Beckmann spent ten years in Amsterdam, failing in his vain attempts to obtain a visa for the United States. The Germans tried to draft him into the army in 1944, but the sixty-year-old artist had been wounded in a heart attack. The works in his Amsterdam studio were even more vibrant and detailed than those of his master years in Frankfurt. Several large triptychs were included in the collection, which serve as a summary of Beckmann's art.

Beckmann started training at the St. Louis School of Fine Arts at Washington University in 1947. He taught at Washington University (alongside German-American painter and printmaker Werner Drewes) and the Brooklyn Museum during the last three years of his life. Perry T. Rathbone, the director of the Saint Louis Art Museum, welcomed him to St. Louis. Rathbone arranged for Washington University to recruit Beckmann as an art teacher, filling a vacancy left by Philip Guston, who had been on leave. In 1948, the City Art Museum in Saint Louis hosted the first Beckmann retrospective in the United States. Morton D. May, a St. Louis photographer and painter who is also an avid amateur photographer and painter, became his patron and artist, as well as a student of the artist. Beckmann's works were on display at the St.

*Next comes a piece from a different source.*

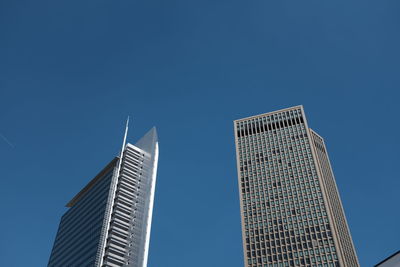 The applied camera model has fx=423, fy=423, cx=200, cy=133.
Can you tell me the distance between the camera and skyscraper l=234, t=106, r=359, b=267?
454 feet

Louis Art Museum until May later donated a portion of his large collection of Beckmann's works. Beckmann also taught him how to appreciate Oceanian and African art.

He and Quappi took an apartment on 38 West 69th Street in Manhattan after stops in Denver and Chicago. He obtained a professorship at the Brooklyn Museum Art School in 1949.

Beckmann, who died after Christmas 1950, was struck by a heart attack at the corner of 69th Street and Central Park West in New York City, not far from his apartment building. He was on his way to see one of his paintings at the Metropolitan Museum of Art as the artist's widow recalled. Beckmann's one-man exhibit at the Venice Biennale of 1950, the year of his death, was a one-man show. He created the work Falling Man, which is both a reflection on death and eerily accurate of the jumpers and other injured people who fell from the World Trade Center Towers in 1950.